Another problem many horses face is testing positive for piroplasmosis, a tick-borne disease caused by one of two protozoan parasites. Once a horse tests positive, it cannot be shipped to the U. S. mainland.


Among the horses euthanized in the aftermath of Hurricane Maria was Pennsylvania-bred Ryan’s Gift, a 10-year-old son of Bernstein bred by Betty Sue Walters and sold at the Fasig-Tipton Midlantic 2008 Eastern Fall yearling sale. At 3, Ryan’s Gift won the Lil E. Tee Handicap at Presque Isle Downs, while at 4 and again at 5 he was second in the Leematt Stakes at the Erie oval.

Ryan’s Gift made his final stateside start a winning one, capturing a $5,000 claiming race at age 8 for owner JR ADA Racing and trainer Rafael Rohena on Nov. 19, 2015. Two months later, he was competing at Camarero. Overall, Ryan’s Gift made 80 starts, won 19 and placed 27 times, and earned $439,805.

“We need to develop an exit strategy so for a horse it’s not a one-way ticket to Puerto Rico,” said Blodgett. “Hopefully, the silver lining from all of this is that there may be change. The storm exposed how things operate at Camarero. Now people stateside are aware of the vulnerabilities of Puerto Rico’s horses.”

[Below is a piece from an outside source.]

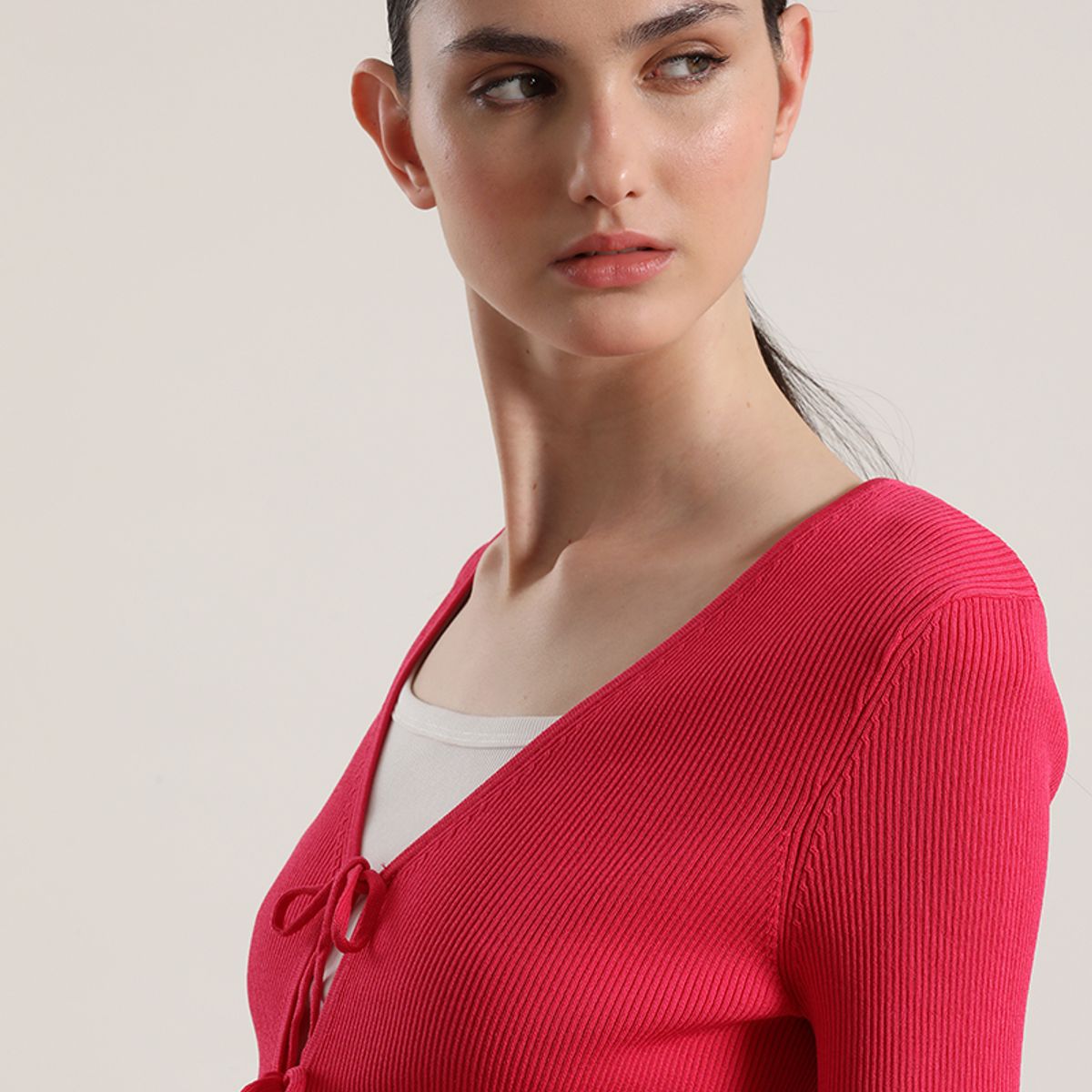 LIOLA - Cardigan con amarras Liola mujer fucsia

Blodgett said that CTA also helps horses on St. Thomas, St. Croix and Antigua. Because racing on those islands is not strictly regulated, it is hard for the CTA to trace horses, especially on Antigua, where horses’ names are often changed, partly out of defensiveness, but with the goal of concealing identities.

“The support we’ve been getting from the industry in the United States is amazing,” said Stobie. But the situation requires more.

“If the barn roofs aren’t fixed, horses will continue to founder,” she said. “It’s cool this time of year but it’s rainy, and horses are getting wet.”

Stobie said that, at this point, CTA was in need of monetary donations, especially to help with the quarantine and transportation costs to the U. S.

To make a donation and learn more about Caribbean Thoroughbred Aftercare, visit the organization’s website.

On January 12, it was announced by the NTRA that Stobie and Blodgett will receive a Special Eclipse Award on behalf of CTA and the countless individuals that participated in the relief effort at Camarero.

“Hundreds of Thoroughbreds arrive in Puerto Rico and surrounding islands each year,” the CTA states on its web site. “The challenges of transitioning them back to the States are many but our commitment is strong. We believe every racehorse deserves a happy ending – particularly if that race career ends in a remote Caribbean destination.”